Marvin Chochotte received his PhD in History from the University of Michigan, Ann Arbor in 2017. He joins us at Yale from Dartmouth College, where he was a Mellon Faculty Fellow. During his year with the Program in Agrarian Studies, Marvin will work on his book manuscript entitled The Black Agrarian Democracy: A History of Haiti from the Haitian Revolution to the Fall of the Duvalier Dictatorship, 1791-1986, which tells the story of the most brutal dictatorship in Haitian history.
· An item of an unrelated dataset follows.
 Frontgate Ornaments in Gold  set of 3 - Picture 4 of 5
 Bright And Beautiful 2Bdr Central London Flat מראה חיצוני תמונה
Drawing on never-before-utilized archival and oral sources, Marvin shows that the terror of the dictatorship under François Duvalier, who came to power in 1957, emerged from a complex post-emancipation crisis in which United States military intervention in Haiti (1915-34) stamped out peasant traditions of revolution that ensured freedom and checked authoritarian tendencies of the Haitian state. The Black Agrarian Democracy shows how Duvalier remilitarized and rearmed peasants in exchange for their loyalty, thereby creating a peasant militia whose support helped him repress political opposition to stay in power for almost three decades. Marvin’s work thus offers the first empirically-based historical analysis of the tonton makout militia that provides new insights into the motivations and perspectives of those involved. After his time at Yale, Marvin will return to Dartmouth College as an Assistant Professor in African and African American Studies.